五月的清晨还有些凉,露水挂在路边的草叶上。他走了二十里夜路,从巩县孙家庄走到河南府巩县县衙,肩上那副门板压得他背脊弯成一张弓。门板上躺着他儿子孙铁柱,用家里唯一一床没补丁的粗布被单盖着,被单下的人形僵直。

县衙的门还没开。

孙老栓把门板靠在石狮子的基座上,自己蹲在台阶下。他掏出烟袋,手抖得厉害,烟丝撒了一半。划火石划了三次才着,凑到烟锅上,吸一口,呛得他直咳嗽。

咳完了,他看着那扇朱漆大门。

门上的铜钉在晨光里泛着暗沉的光。去年腊月,里正带着县里的胥吏来贴过告示,说新朝颁了《显德律》,要清丈田亩,按户等纳税。告示上盖着红彤彤的官印,字他认不全,但里正念了,说以后谁家地多谁多交税,谁家地少可以少交。

孙铁柱当时就说了句:“爹,咱家那三亩薄田,该算几等?”

孙老栓没吭声。他种了一辈子地,知道衙门里的事没那么简单。果然,开春后县里来了几个戴幞头的官人,拿着绳尺在田埂上量来量去。量到村东李员外家那片百亩好地时,管事的刘书办盯着地契看了半晌,说了句:“这地……怎么记的是‘坟茔地’?”

坟茔地不纳税,这是老规矩。

李员外家的管家笑呵呵地递上个小布包:“几位辛苦了,这点茶钱……”

刘书办没收,只说了句:“等县尊定夺。”

那之后半个月,没什么动静。孙老栓以为这事就过去了——李员外是巩县有头有脸的人物,家里出过举人,县太爷见了他都得拱手。三亩地的事,能掀起什么浪?

可他错了。

四月末,县衙突然贴出新告示:凡以“坟茔地”名义逃税者,限十日内自首补税,地契重造。逾期不报者,地亩充公,主家流徙。

李员外家没动静。

第五日,县里来了差役,在李家庄园外插了木牌,牌上写着“官地”二字。又过了三日,孙老栓被里正叫去,说县里要在充公的地里划出三十亩,分给孙家庄的几户佃农。

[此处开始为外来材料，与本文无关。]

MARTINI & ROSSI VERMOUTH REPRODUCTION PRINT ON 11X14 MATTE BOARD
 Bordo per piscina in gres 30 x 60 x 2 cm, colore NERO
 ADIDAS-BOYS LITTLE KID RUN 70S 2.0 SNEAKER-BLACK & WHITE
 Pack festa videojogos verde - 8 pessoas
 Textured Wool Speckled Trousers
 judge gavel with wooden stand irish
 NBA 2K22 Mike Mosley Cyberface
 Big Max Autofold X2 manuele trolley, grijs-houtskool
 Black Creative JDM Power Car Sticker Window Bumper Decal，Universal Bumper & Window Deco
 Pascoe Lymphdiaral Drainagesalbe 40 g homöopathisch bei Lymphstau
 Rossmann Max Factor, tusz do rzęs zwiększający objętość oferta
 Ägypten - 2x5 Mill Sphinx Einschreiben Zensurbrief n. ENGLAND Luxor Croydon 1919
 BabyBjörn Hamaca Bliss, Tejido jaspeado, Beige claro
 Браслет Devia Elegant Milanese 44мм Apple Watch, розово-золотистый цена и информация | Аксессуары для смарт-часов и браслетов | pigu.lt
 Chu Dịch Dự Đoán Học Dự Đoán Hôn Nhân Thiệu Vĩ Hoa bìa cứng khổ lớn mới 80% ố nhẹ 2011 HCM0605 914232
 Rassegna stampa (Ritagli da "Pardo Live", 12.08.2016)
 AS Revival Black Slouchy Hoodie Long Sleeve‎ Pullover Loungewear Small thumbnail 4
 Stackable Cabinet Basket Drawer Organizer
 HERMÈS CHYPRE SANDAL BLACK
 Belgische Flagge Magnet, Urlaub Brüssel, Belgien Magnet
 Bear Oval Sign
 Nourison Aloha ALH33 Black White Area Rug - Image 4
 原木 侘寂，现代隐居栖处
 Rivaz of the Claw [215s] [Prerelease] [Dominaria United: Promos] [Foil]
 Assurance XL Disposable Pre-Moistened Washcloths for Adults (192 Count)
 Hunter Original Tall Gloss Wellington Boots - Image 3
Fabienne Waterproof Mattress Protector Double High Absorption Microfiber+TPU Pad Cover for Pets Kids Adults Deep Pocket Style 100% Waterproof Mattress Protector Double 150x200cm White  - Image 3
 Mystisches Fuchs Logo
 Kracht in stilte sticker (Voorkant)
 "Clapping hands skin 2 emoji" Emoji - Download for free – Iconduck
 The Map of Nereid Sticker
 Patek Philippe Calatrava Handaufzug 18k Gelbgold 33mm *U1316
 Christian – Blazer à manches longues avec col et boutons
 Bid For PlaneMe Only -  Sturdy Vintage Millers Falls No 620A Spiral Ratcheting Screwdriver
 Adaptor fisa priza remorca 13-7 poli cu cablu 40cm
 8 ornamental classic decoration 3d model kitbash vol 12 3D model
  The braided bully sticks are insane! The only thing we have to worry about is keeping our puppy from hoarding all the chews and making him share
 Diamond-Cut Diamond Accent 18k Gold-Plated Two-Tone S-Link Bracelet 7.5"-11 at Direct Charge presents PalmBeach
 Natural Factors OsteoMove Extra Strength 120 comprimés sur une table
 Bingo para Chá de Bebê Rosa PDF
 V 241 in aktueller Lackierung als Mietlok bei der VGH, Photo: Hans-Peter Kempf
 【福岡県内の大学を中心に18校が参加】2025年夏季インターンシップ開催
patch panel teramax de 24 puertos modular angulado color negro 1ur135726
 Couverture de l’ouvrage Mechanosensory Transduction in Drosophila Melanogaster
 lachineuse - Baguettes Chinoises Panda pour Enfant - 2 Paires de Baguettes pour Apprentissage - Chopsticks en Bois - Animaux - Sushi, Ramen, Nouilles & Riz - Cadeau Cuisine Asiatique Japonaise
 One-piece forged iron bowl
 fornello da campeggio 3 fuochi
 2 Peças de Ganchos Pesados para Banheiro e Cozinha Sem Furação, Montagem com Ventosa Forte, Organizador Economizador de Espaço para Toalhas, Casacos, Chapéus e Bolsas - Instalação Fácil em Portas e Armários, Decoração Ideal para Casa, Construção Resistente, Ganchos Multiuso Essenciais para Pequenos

“老栓,你家铁柱不是一直佃李家的地种么?”里正说,“这次有你一份,五亩,记在你名下。按《显德律》,头三年只交三成租,三年后地就是你的了。”

孙老栓当时腿一软,差点跪下。

五亩地,还是上好的水浇地。李家那片田靠着洛水支流,旱涝保收,一亩能打两石麦。佃了半辈子地,突然要有自己的田了,这感觉像做梦。

孙铁柱更是高兴得整夜没睡。那晚父子俩坐在院里,儿子说等收了麦,攒点钱娶房媳妇,再养头牛。“爹,您就等着抱孙子吧。”

可三天前,孙铁柱死了。

死在李家庄园外那条引水渠里。发现时人仰面漂着,额头上一片淤青,像是撞在渠边的石头上。李家的管家说,是夜里巡渠不小心失足。

但孙老栓不信。

他儿子从小在渠边玩大,闭着眼都能走个来回。况且铁柱额头那伤,不像是撞的,倒像是……被什么东西砸的。

“吱呀——”

县衙的门开了半扇,一个睡眼惺忪的衙役探出头,看见台阶下的孙老栓和那副门板,愣住了。

“干什么的?”

孙老栓站起来,腿麻了,踉跄一下。他走到门前,从怀里掏出张皱巴巴的纸——那是分地的凭据,盖着县衙的印。

“告状。”他说,声音嘶哑,“我儿子死了,求青天大老爷做主。”

辰时二刻,巩县县令吴文靖坐在二堂,看着堂下那具盖着白布的尸身,眉头拧成了疙瘩。

他四十出头,进士出身,在巩县当了三年县令。三年里,他审过偷盗、断过田产、判过殴斗,可从没见过百姓把尸体直接抬到堂前的。

“孙老栓,”他尽量让语气平和些,“你说你儿子是被人害死的,可有证据?”

“有!”孙老栓跪着,手指向尸身,“铁柱额头上的伤,不是撞的!是被人用硬物砸的!还有,他鞋底干净,渠边都是泥,若是失足,鞋上怎会没泥?”

吴文靖示意仵作上前查验。

仵作掀开白布,仔细看了伤口,又检查了鞋底。半晌,回身拱手:“县尊,额上确系钝器所伤。鞋底……只有前掌沾了些干土,确是走动时沾的,不像落水挣扎所致。”

堂上一静。

吴文靖心里沉了沉。他其实早知道这事不简单。李员外是什么人?巩县第一大户,田产遍布三乡,族里有人在汴京户部当主事。这次清丈田地,李家一口气被查出八十七亩“坟茔地”,按律全要充公。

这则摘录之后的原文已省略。